From: Bryan Olson (fakeaddress_at_nowhere.org)
Date: 07/08/03 

Date: Tue, 08 Jul 2003 21:06:55 GMT

Jim Steuert wrote:
>
> Francois Grieu wrote:
>
>> Knowing M and alices_public, by Gaussian elimination or some
>> faster method, it is easy to find one of the (possibly several)
>> alices_secret that match this equation.
>
> Gaussian elimination requires that values have
> multiplicative inverses. The basic operation is row-reduction - some
> constant times one row added to the other row makes zero.
>
> k*(4 x x x x . . . .)
> +(2 y y y y . . . .)
> => (0 z z z z . . . .)
>
> My problem is that k*4 is not "ever" equal to 2.
> If values all had inverses this would be easy.
> Just form k = -(4^-1)*2, and you're done.
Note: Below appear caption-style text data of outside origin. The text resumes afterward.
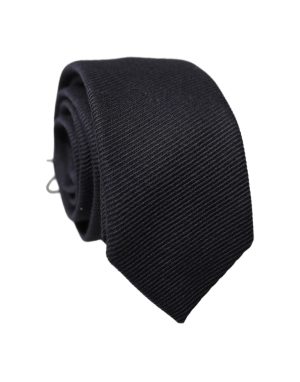 Dolce & Gabbana Black Solid 100% Silk Adjustable Men Tied Necktie Tie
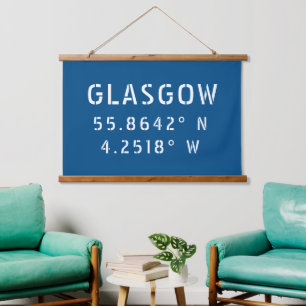 Glasgow Scotland Latitude & Longitude  Hanging Tapestry
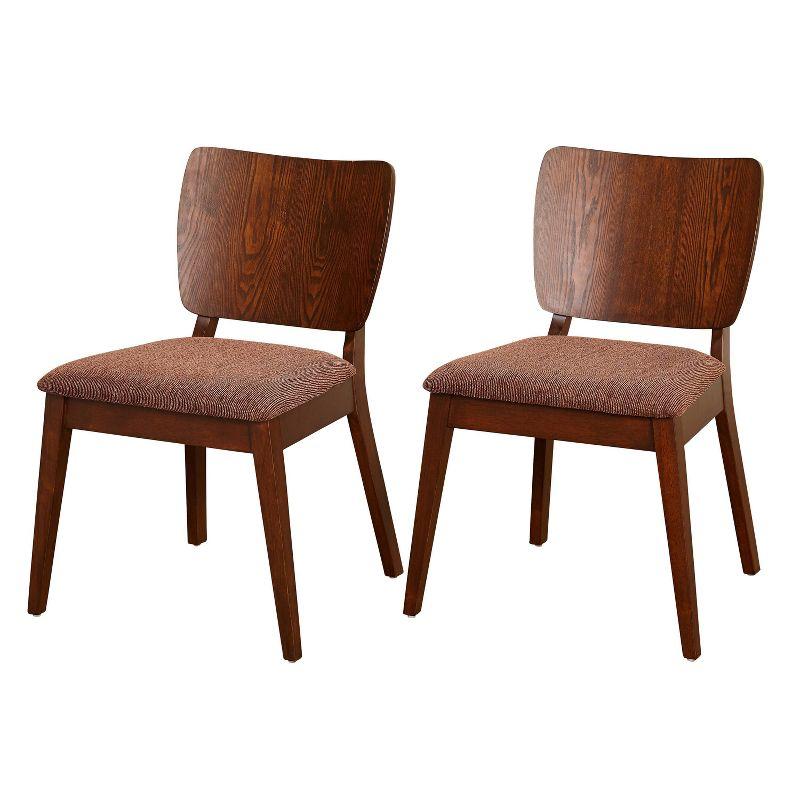 Bernard Mid-Century Brown Upholstered Wood Side Chairs, Set of 2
No problem: use the row beginning with '2' as the pivot. For
mod 2^n arithmetic in general, use a term where the number of
factors of 2 is minimal.

> In the tabular commutative ring example
[...]
> If it could always be reordered so that
> the values with inverses are done first, but then the problem
> remains with the other rows... Re-ordering schemes could end
> up in circular loops.

Upper-triangular form is fine, and you never have to
un-re-order.

Note that re-ordering doesn't always work. For example, if we're
working mod-15, we might get to a column:

     3, ...
     5, ...
     9, ...
    10, ...

None of the terms divides all the others. Still not a problem:
we simply add the second row into the first to get a pivot with
an inverse. It might be an interesting exercise to prove or
disprove that for any (commutative) ring, there's always a
linear combination of rows that provides a pivot. 

-- 
--Bryan